Dataset items
******************************
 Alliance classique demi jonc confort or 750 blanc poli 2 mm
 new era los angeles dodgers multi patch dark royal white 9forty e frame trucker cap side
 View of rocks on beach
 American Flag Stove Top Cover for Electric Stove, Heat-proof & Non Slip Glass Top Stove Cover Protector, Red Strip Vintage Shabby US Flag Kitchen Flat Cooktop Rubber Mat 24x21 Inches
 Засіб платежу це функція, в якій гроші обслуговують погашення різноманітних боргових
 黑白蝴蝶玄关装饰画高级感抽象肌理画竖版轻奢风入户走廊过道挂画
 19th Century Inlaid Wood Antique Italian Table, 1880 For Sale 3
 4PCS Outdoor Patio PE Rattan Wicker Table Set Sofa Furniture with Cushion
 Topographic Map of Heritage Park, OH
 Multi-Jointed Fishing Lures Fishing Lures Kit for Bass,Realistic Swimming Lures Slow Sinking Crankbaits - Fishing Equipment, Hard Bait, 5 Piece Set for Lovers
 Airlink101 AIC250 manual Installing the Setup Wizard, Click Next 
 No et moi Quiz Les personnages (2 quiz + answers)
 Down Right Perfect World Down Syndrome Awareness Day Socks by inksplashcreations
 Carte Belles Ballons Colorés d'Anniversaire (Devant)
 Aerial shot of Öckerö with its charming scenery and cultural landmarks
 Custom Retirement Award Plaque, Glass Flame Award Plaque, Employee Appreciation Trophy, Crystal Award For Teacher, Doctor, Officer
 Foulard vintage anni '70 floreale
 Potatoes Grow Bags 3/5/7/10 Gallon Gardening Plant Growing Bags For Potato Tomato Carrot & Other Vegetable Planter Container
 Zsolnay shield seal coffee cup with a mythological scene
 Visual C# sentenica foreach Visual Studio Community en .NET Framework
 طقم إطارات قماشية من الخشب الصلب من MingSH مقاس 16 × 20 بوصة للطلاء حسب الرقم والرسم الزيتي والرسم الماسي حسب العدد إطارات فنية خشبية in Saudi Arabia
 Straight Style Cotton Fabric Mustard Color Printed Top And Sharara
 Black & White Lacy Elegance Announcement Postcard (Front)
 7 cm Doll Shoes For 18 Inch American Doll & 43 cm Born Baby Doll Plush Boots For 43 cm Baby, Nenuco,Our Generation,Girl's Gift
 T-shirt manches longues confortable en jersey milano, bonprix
******************************
Set down exactly the lines of the data above, beginning with the line that has "Topographic Map of Heritage Park, OH" and ending with the line that has "Visual C# sentenica", and no others.

 Topographic Map of Heritage Park, OH
 Multi-Jointed Fishing Lures Fishing Lures Kit for Bass,Realistic Swimming Lures Slow Sinking Crankbaits - Fishing Equipment, Hard Bait, 5 Piece Set for Lovers
 Airlink101 AIC250 manual Installing the Setup Wizard, Click Next 
 No et moi Quiz Les personnages (2 quiz + answers)
 Down Right Perfect World Down Syndrome Awareness Day Socks by inksplashcreations
 Carte Belles Ballons Colorés d'Anniversaire (Devant)
 Aerial shot of Öckerö with its charming scenery and cultural landmarks
 Custom Retirement Award Plaque, Glass Flame Award Plaque, Employee Appreciation Trophy, Crystal Award For Teacher, Doctor, Officer
 Foulard vintage anni '70 floreale
 Potatoes Grow Bags 3/5/7/10 Gallon Gardening Plant Growing Bags For Potato Tomato Carrot & Other Vegetable Planter Container
 Zsolnay shield seal coffee cup with a mythological scene
 Visual C# sentenica foreach Visual Studio Community en .NET Framework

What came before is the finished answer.